▶ Data shown
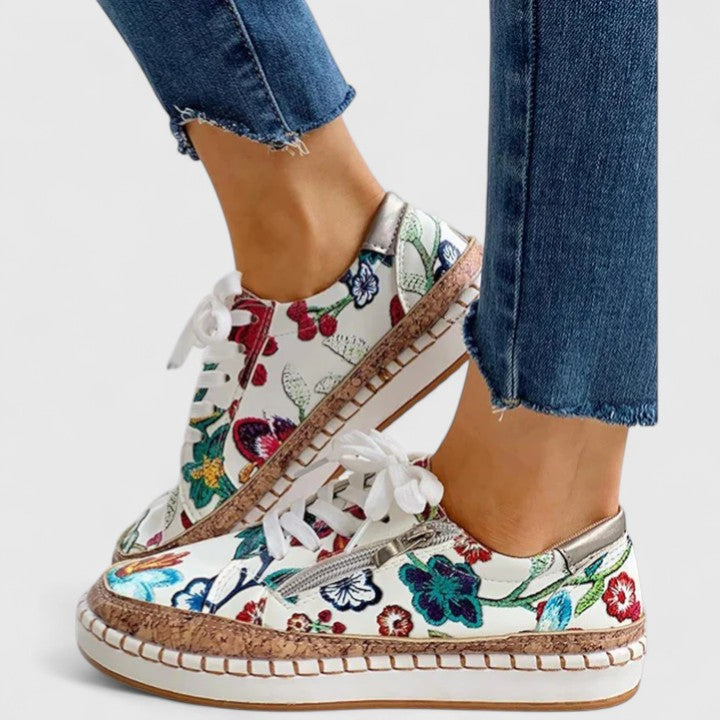 Stylish women's slip-on comfort shoes, orthopaedic design with wide fit and excellent foot support for daily use.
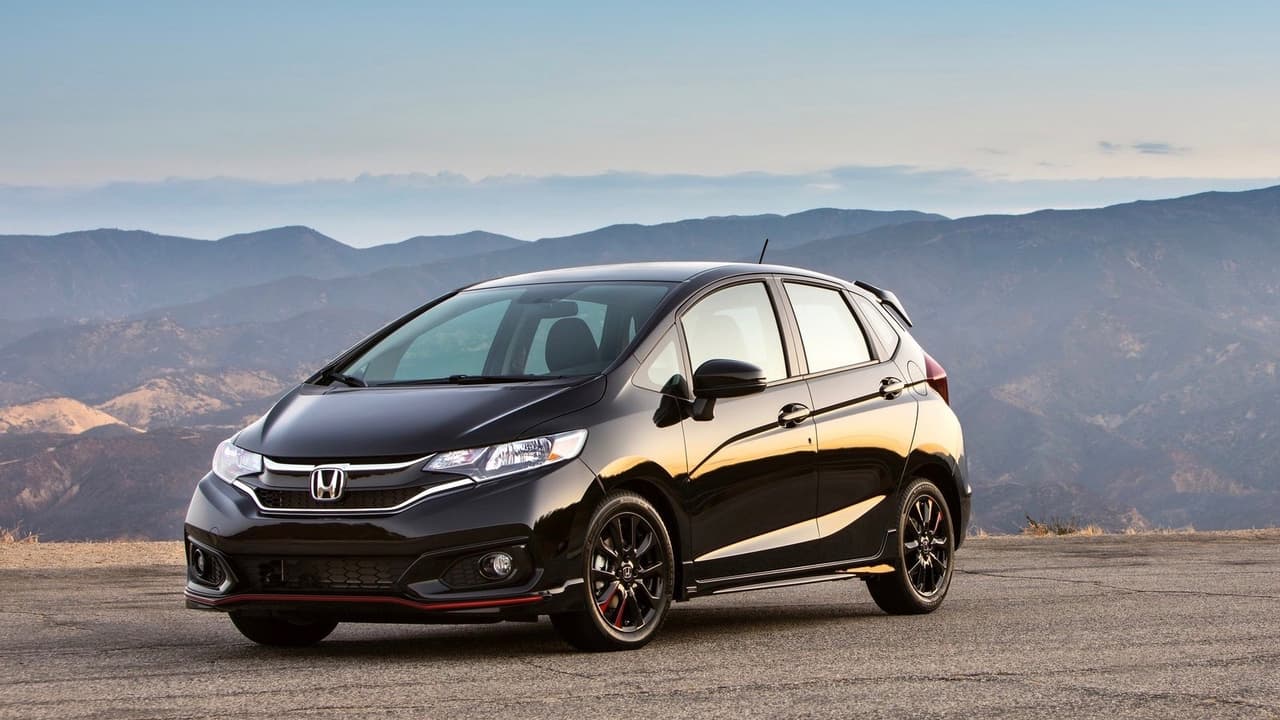 <h3 class="cms-H3-H3">3. Honda Fit</h3>
<br>Este hatchaback subcompacto de Honda es una de las mejores opciones en su categoría, sus fantásticos asientos mágicos, exclusivos del modelo, se pueden plegar de incontables maneras y pueden de convertir a la cabina en una cama gigante.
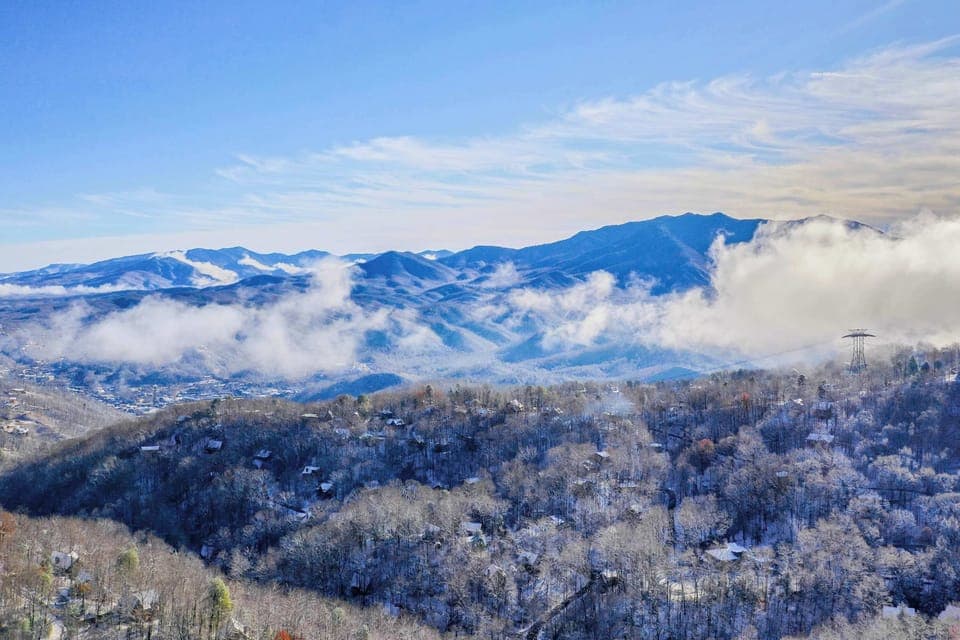 Mountain view haven awaits. A breathtaking vistas and endless adventure await in the heart of nature!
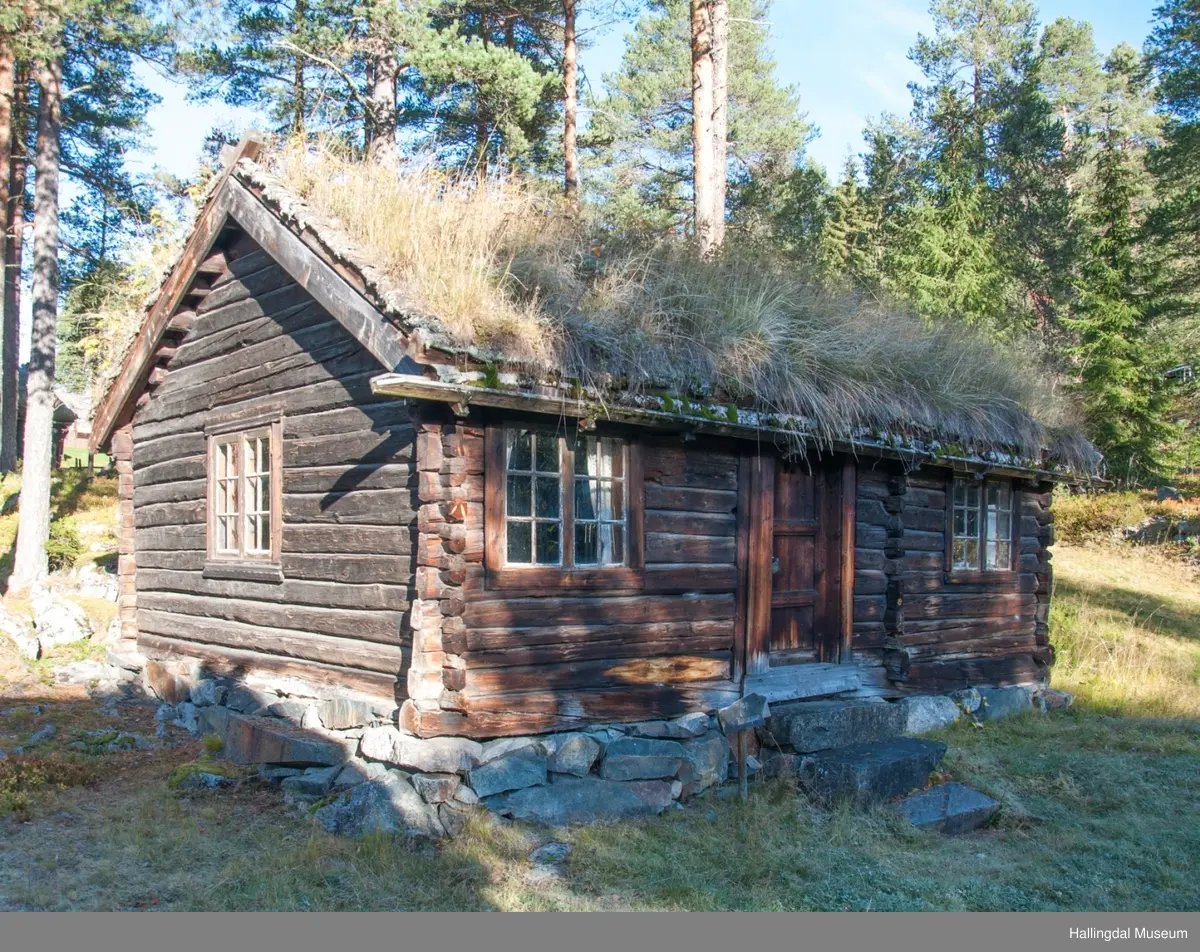 Stugu sto først i Teigen så i Åkreslåtta deretter i Meiebakka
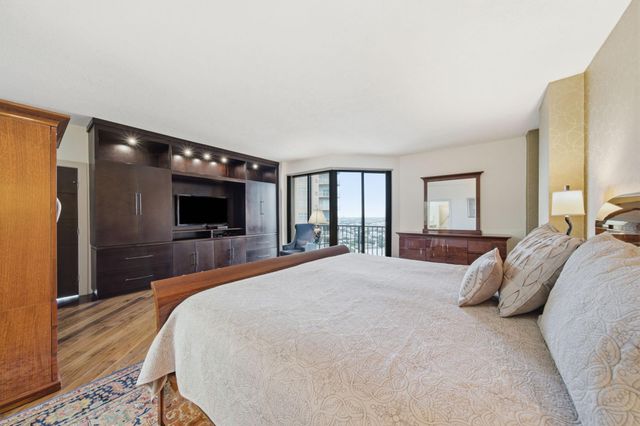 3350 Mccue Road 2402, Houston, TX 77056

▶ Task description
Write the full listing out again with every line unchanged, but include no pictures.

▶ Answer box
 Stylish women's slip-on comfort shoes, orthopaedic design with wide fit and excellent foot support for daily use.
 <h3 class="cms-H3-H3">3. Honda Fit</h3>
<br>Este hatchaback subcompacto de Honda es una de las mejores opciones en su categoría, sus fantásticos asientos mágicos, exclusivos del modelo, se pueden plegar de incontables maneras y pueden de convertir a la cabina en una cama gigante.
 Mountain view haven awaits. A breathtaking vistas and endless adventure await in the heart of nature!
 Stugu sto først i Teigen så i Åkreslåtta deretter i Meiebakka
 3350 Mccue Road 2402, Houston, TX 77056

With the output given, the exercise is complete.